One range is to be output from the listing below, exactly as written: the line with "Demon Slayer: Kimetsu" to the line with "bontott HONDA JAZZ Önindító", both kept.

━━━ TASK INPUT

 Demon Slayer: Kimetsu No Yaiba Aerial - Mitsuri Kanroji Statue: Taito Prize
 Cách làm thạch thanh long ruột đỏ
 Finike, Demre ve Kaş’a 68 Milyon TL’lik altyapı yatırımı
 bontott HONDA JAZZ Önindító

━━━━━━
━━━ TASK INPUT

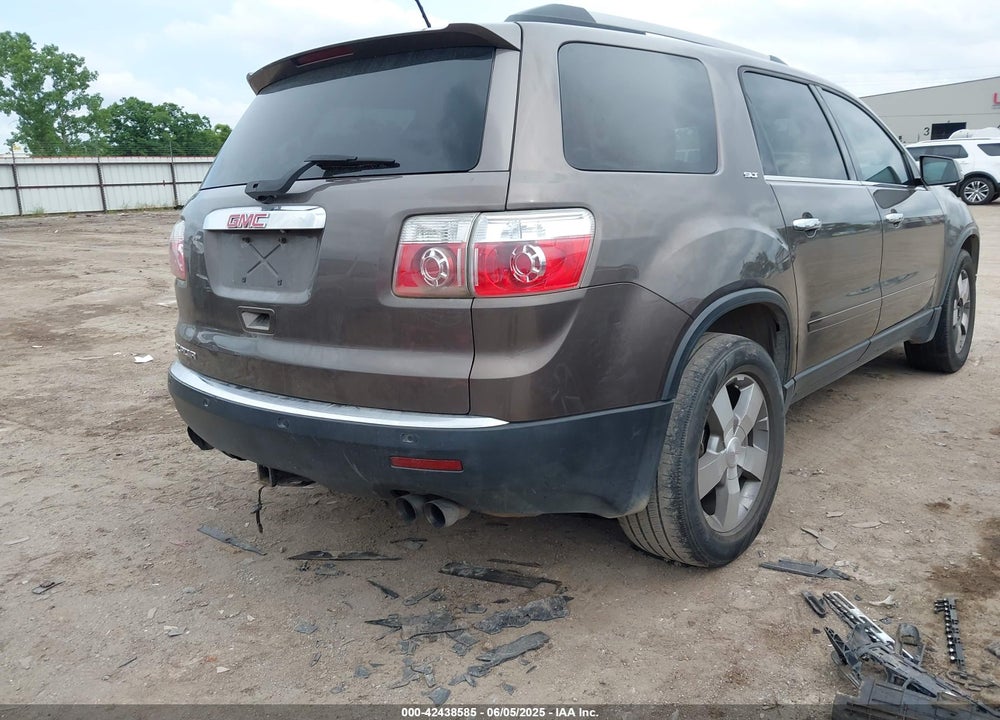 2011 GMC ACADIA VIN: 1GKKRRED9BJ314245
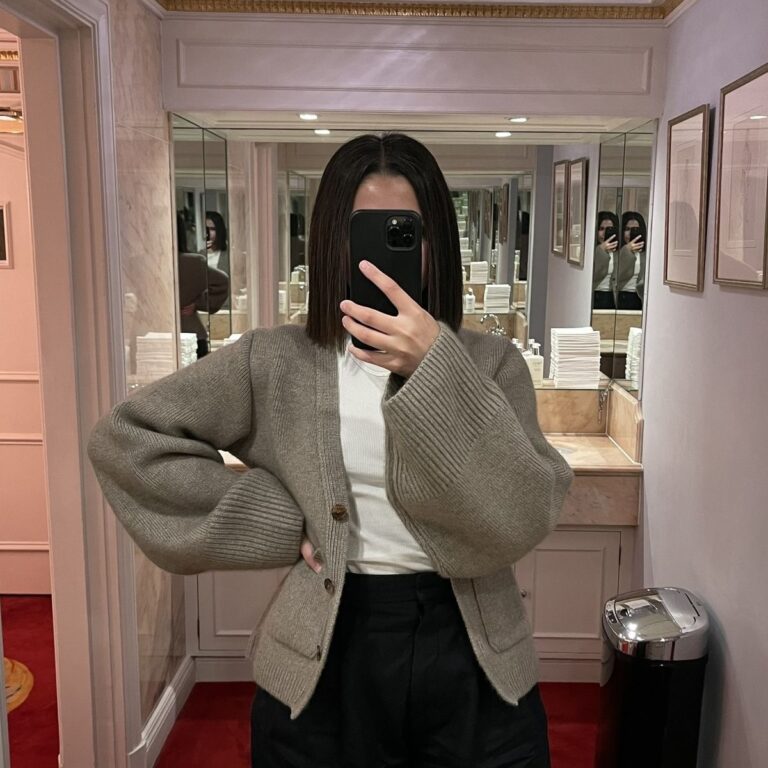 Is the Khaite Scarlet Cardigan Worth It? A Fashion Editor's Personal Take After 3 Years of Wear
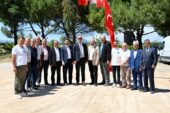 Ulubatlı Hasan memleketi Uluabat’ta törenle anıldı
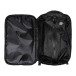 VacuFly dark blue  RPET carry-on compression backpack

━━━━━━
━━━ TASK INPUT

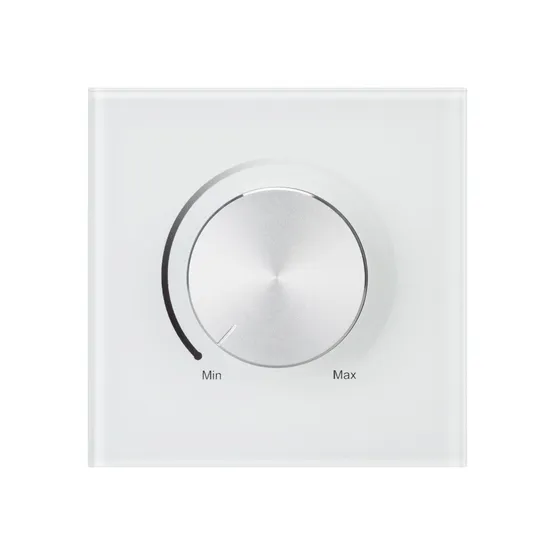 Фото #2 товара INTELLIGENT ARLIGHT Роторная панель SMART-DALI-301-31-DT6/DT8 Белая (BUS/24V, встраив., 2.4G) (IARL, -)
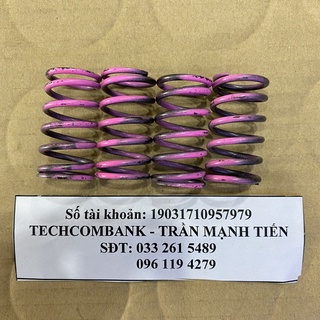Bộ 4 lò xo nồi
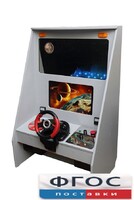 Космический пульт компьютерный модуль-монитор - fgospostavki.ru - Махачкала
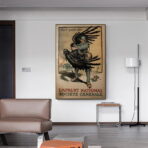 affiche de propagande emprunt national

━━━━━━

§ EXERCISE ANSWER
 Demon Slayer: Kimetsu No Yaiba Aerial - Mitsuri Kanroji Statue: Taito Prize
 Cách làm thạch thanh long ruột đỏ
 Finike, Demre ve Kaş’a 68 Milyon TL’lik altyapı yatırımı
 bontott HONDA JAZZ Önindító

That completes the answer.